Monday, October 7, 2013

Culture

Culture is “...all that human beings learn to do, to use, to produce, to know, and to believe as they grow to maturity and live out their lives in the social groups to which they belong.” The culture of any group is passed on from one generation to the next through ongoing, lifelong processes of socialization or enculturation. Social members may even be resocialized in their lifetime if they do not “conform” to the values, mores, norms etc. of their group.

Ethnocentrism vs. Xenocentrism
Ethnocentrism the tendency for each society to place its own culture patterns at the center of things while Xenocentrism is a culturally based tendency to value other cultures more highly than one’s own.

Material Culture vs. Non-Material Culture 
Material culture consists of all things humans make and use while non-material culture consists of non-tangible human creations, including knowledge beliefs, values and rules for behavior.

Characteristics of Culture
  • Learned
  • A group product/ social/shared
  • Transmitted from one generation to generation
  • Adaptive/dynamic
  • Varies
  • Symbolic

Culture is made up of values, norms, mores, folkways, laws and tabooValues determine for us what is desirable in our life. If we learn other people’s values we learn about other people. Values underlie our preferences, our choices, indicate what we deem as worthwhile in our society. These are “general” rules for behavior and perceptions we hold in a society. 

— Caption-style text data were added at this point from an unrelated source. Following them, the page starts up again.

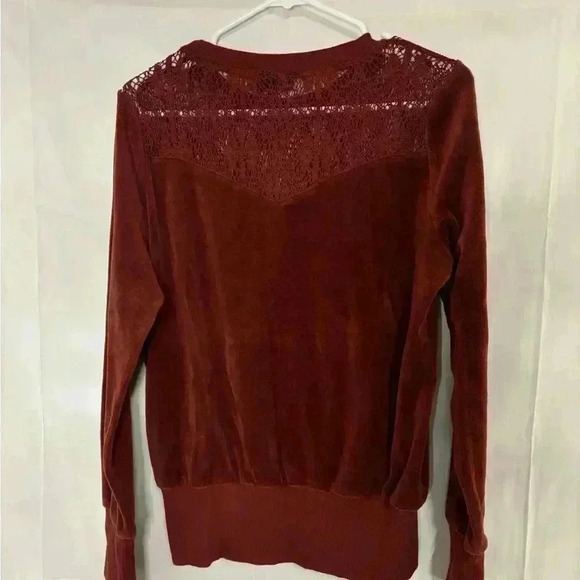 Womens size medium Shyanne brand velour sweater, #I600 - Picture 2 of 5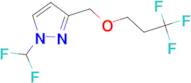 1-(Difluoromethyl)-3-[(3,3,3-trifluoropropoxy)methyl]-1H-pyrazole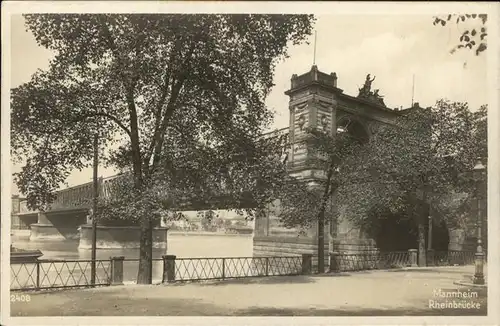 Mannheim Rheinbruecke Kat. Mannheim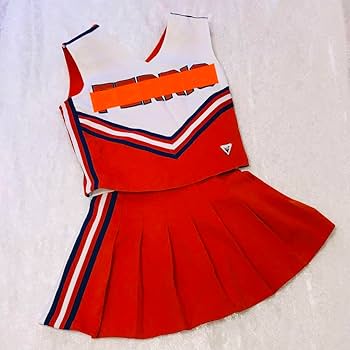 【中古品】春高バレー出場あり　高校 チアユニフォーム◎158cmの標準体型で着用 中古品】春高バレー出場あり 高校 チアユニフォーム◎158cmの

Norms develop out of our values which comprise the expectations, rules of particular behaviors which come out of our everyday life. Norms are particular ways that we act, and prescribed behavior and rules governing our everyday life. With norms come sanctions, rewards, punishments - you receive approval or disapproval for upholding or violating norms. Desirable behavior is attached to an actual expectation with social consequences. Positive and negative sanctions, rewards, or punishments that occur are social consequences if we adhere or violate a norm. In parallel with cultural values, norms regulate the appearance of a behavior and define and maintain boundaries. Norms are standards of expected behavior yet, these are also relative across time, societies and situations.

Folkways are norms that are not strictly enforced, we expect people to comply, but if they don’t we don’t make a big deal about it.  Examples of these are customs, habits and commonly accepted practices which usually involve unimportant matters: table manners, accepting your place in line rather than cutting ahead, wearing appropriate clothing. Folkways have few restrictions, and mild sanctions. 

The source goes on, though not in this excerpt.